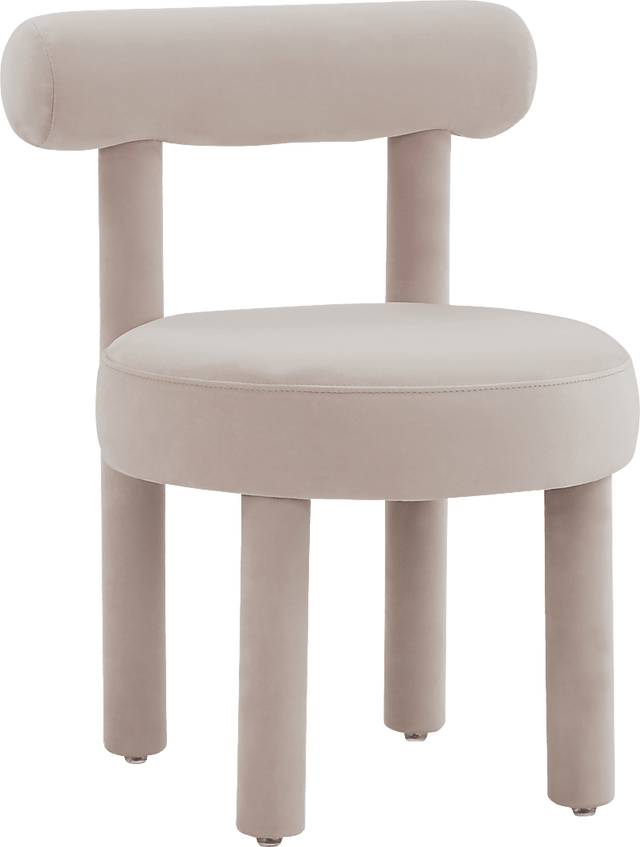 Belingham Blush Accent Chair - Thumbnail - Image 1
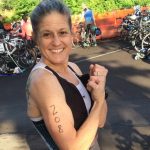 Triathlete’s pain was the start of a rare form of heart attack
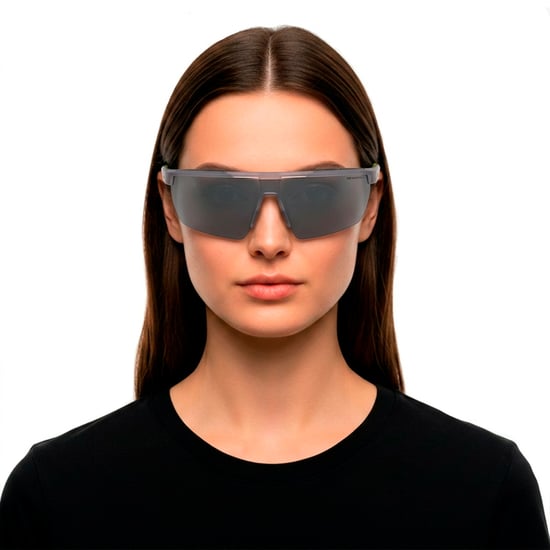 Herren- und Damen-Sportsonnenbrille Wrap-Around Windschutz Elite CW4661 - Image 6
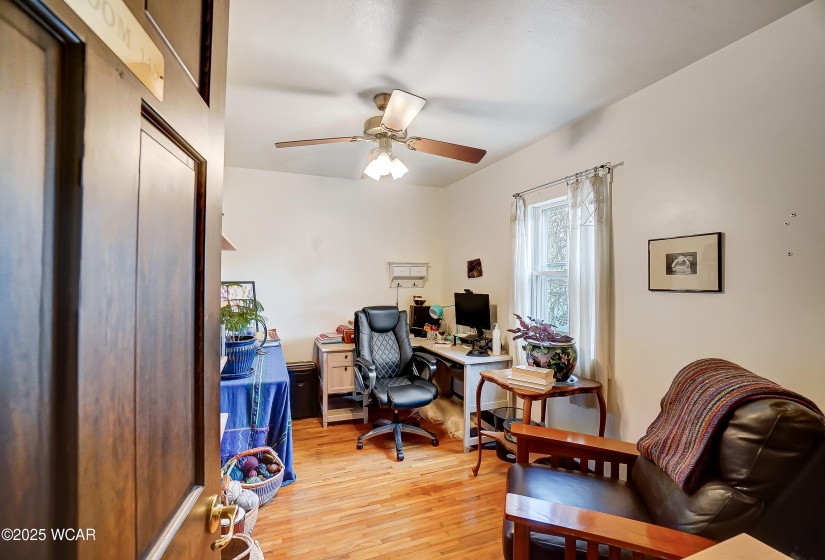 2nd bedroom/office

====================

> [Exercise]:
All of the data is to be reproduced exactly, with the pictures left out.

> [Result for this exercise]:
 Belingham Blush Accent Chair - Thumbnail - Image 1
 Triathlete’s pain was the start of a rare form of heart attack
 Herren- und Damen-Sportsonnenbrille Wrap-Around Windschutz Elite CW4661 - Image 6
 2nd bedroom/office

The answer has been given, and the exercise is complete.